I have been reading Carnielli and Rodrigues' "An epistemic approach to paraconsistency: a logic of evidence and truth" when they discuss the notion of semi-valuation (BLE stands for Basic Logic of Evidence, a paraconsistent + paracomplete logic they invented).
I don't understand what Definition 3 and the quasi-matrix are doing. Specifically:
- Why is the 3rd row of $A\lor (A\to B)$ like that? I get the situation where $A=0$ and $B=1$, $A=1$ and $B=0$, and $A=B=1$ (covered by clause 1 or 2 of Def. 2). But where $A=B=0$ is not covered by any clause. Yet the matrix somehow says that when $A=B=0$, $A\to B$ may either be $1$ or $0$ - why?

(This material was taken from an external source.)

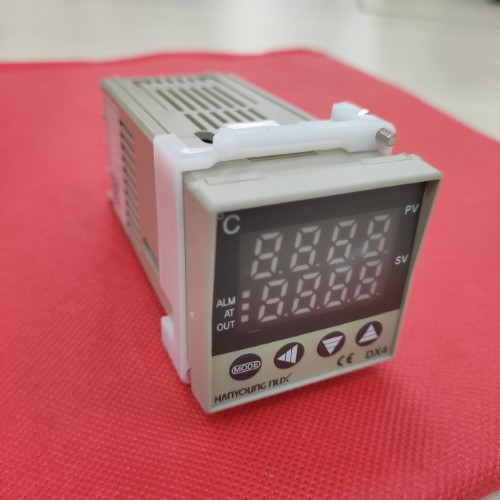 Bộ điều khiển nhiệt độ DX4-KMWNRA Hanyoung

- Does Def. 3 have something to do with validity/invalidity? The notion of validity was never discussed until this point, so I don't really understand when is a formula valid (I understand when is a classical, 1st order formula valid of course, but that doesn't seem to explain what's happening here because BLE is supposedly paraconsistent)
- Is Def. 3 just saying that, when all antecendents of a conditional is true but the consequent is false, the conditional is false? But isn't this just a generalisation of clause 1 of Def. 2?



You have to note the peculiar def of semivaluation for $\to$: it does not define the resulting truth value for $A =0$ and $B=0$. Thus in the matrix below there is an additional column $s_1$ that is not allowed in classical truth table.
Please note authors’ comment: semantics for connectives is not compositional.
Now, having $0$ in semival $s_1$, we have that formula $A \lor (A \to B)$ is no more valid simply because there is a valuation that gives value $0$ to the formula.